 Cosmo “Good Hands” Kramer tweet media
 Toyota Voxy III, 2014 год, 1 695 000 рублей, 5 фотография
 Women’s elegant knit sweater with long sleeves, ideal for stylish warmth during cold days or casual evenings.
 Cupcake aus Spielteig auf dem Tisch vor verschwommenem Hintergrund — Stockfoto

...

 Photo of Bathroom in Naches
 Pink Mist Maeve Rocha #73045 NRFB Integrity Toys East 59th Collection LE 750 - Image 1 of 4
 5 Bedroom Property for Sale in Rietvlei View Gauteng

> _Work instruction_
Could you write out, exactly as they stand, only the lines above that begin at the line with "Women’s elegant knit" and stop after the line with "Cupcake aus Spielteig"?

> _Written answer_
 Women’s elegant knit sweater with long sleeves, ideal for stylish warmth during cold days or casual evenings.
 Cupcake aus Spielteig auf dem Tisch vor verschwommenem Hintergrund — Stockfoto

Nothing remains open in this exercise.